**Try it:**
Return each line exactly, beginning with the one that has "Everything's Chicken but" and finishing with the final line of the material. Drop any pictures.

**Exercise data:**

►

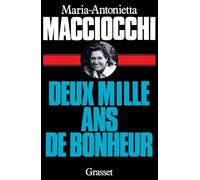 DEUX MILLE ANS DE BONHEUR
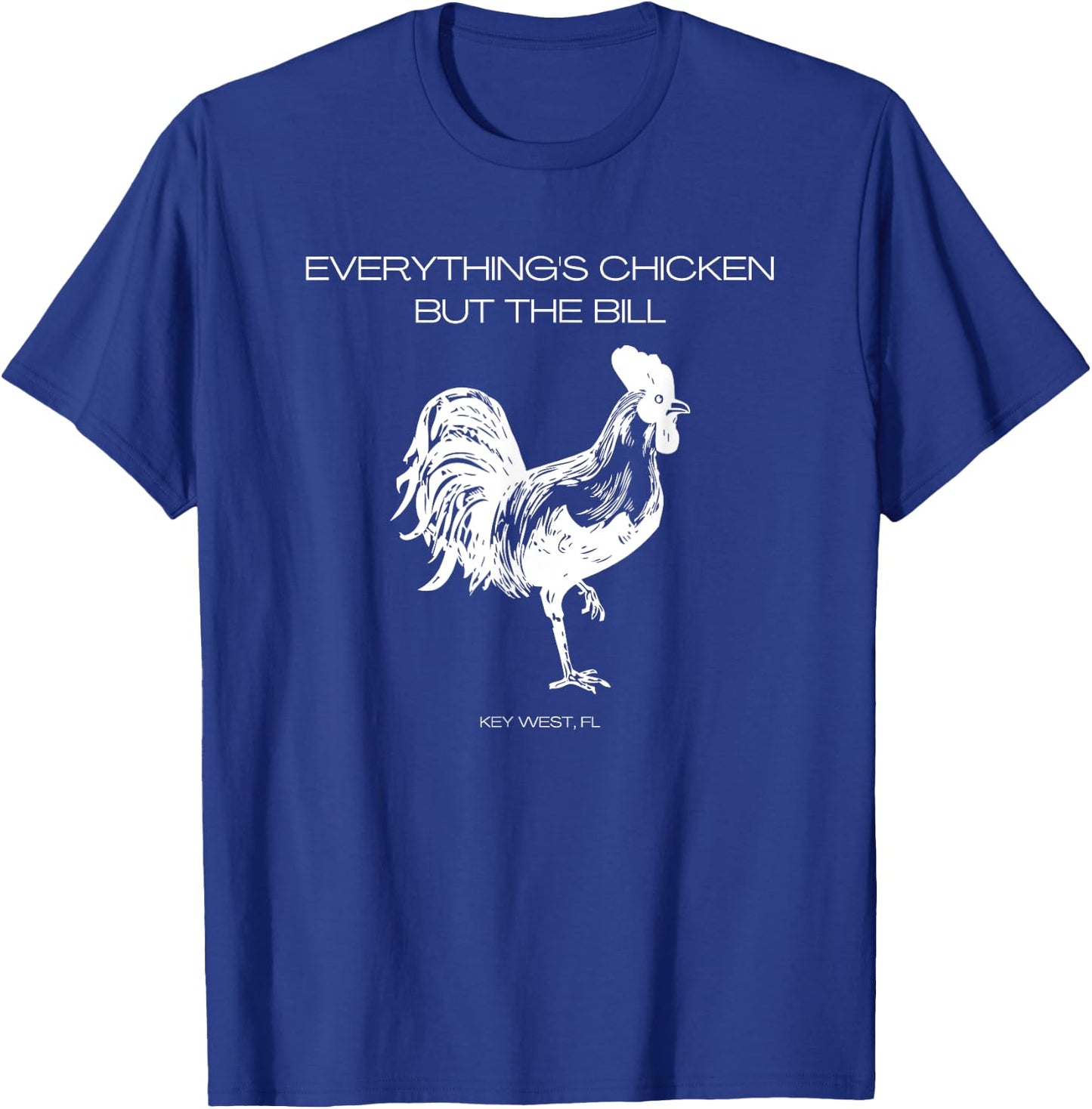 Everything's Chicken but the Bill Key West T-Shirt - T-Shirt | Royal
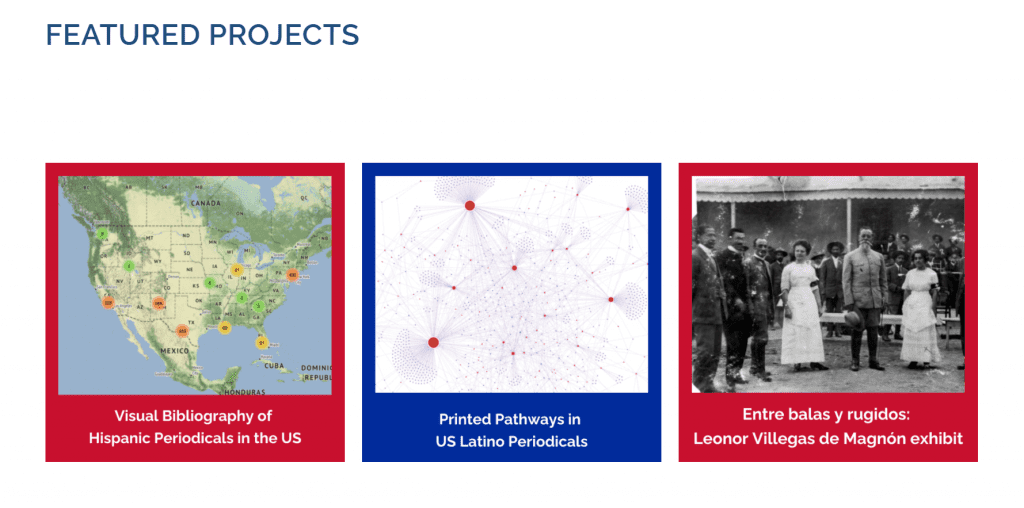 Featured projects from the Recovering the U.S. Hispanic Literary Heritage Project site. 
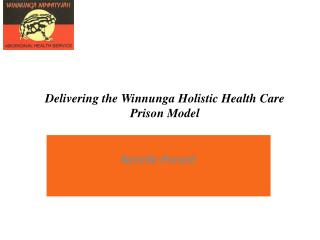 Delivering the Winnunga Holistic Health Care Prison Model A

◄

**Written reply:**
 Everything's Chicken but the Bill Key West T-Shirt - T-Shirt | Royal
 Featured projects from the Recovering the U.S. Hispanic Literary Heritage Project site. 
 Delivering the Winnunga Holistic Health Care Prison Model A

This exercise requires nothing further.